Activity — Produce the lines from the one containing "Collage Gather Dress M" through the end of the material exactly as they appear, both ends included, and leave the pictures out.

====== Available data

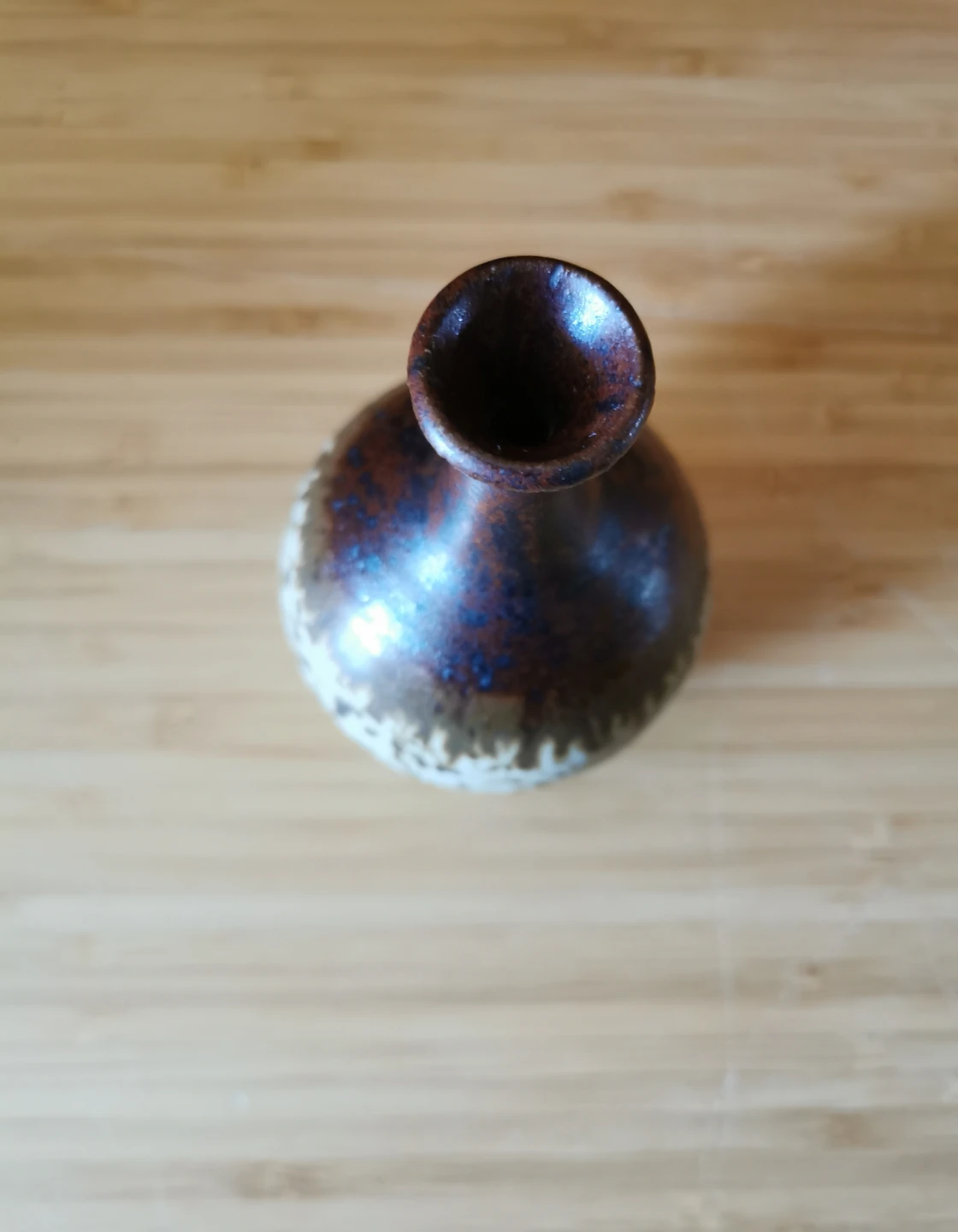 Vintage Signed Handmade Studio Pottery Bud Vase Lorraine Oberg - photo 3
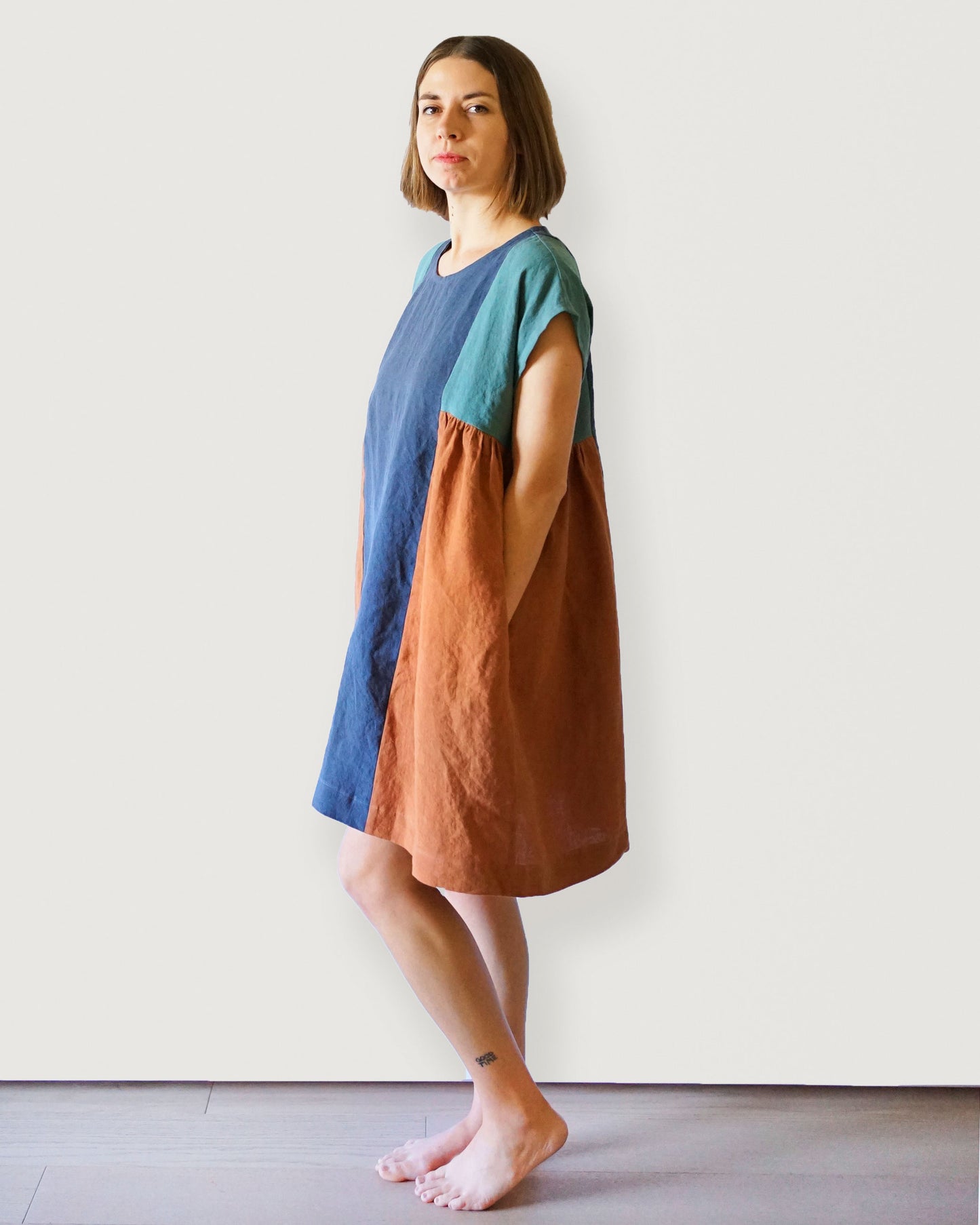 Collage Gather Dress M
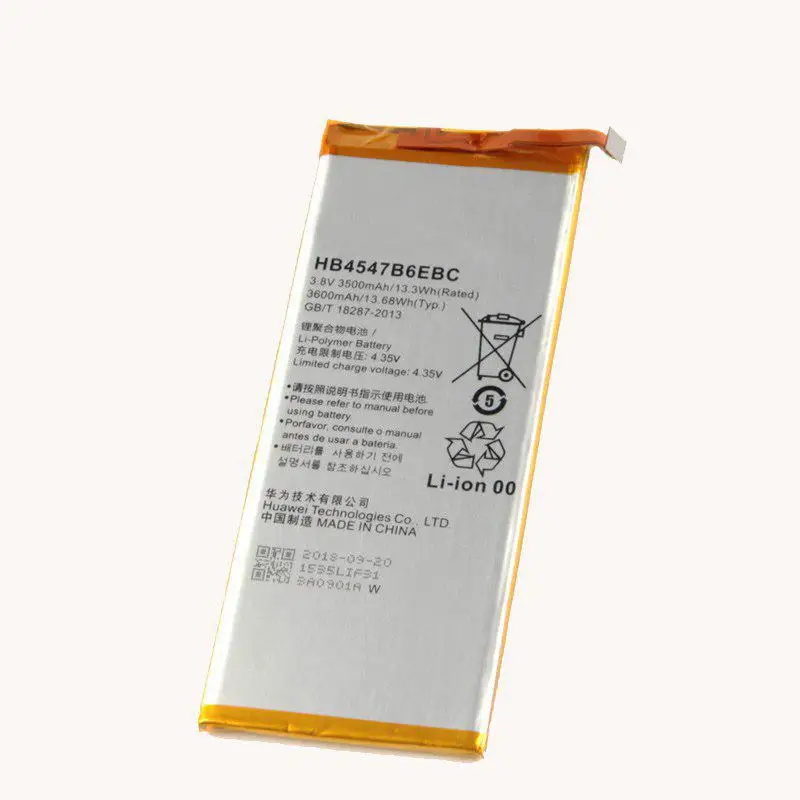 Original High Capacity HB4547B6EBC phone battery For Huawei Honor 6 Plus PE-TL20 PE-TL10 PE-CL00 PE-UL00 6plus 3500mAh | Мобильные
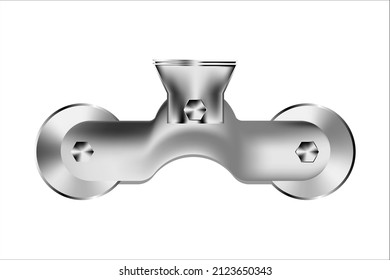 house door wheel with white background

============

Solved exercise —
 Collage Gather Dress M
 Original High Capacity HB4547B6EBC phone battery For Huawei Honor 6 Plus PE-TL20 PE-TL10 PE-CL00 PE-UL00 6plus 3500mAh | Мобильные
 house door wheel with white background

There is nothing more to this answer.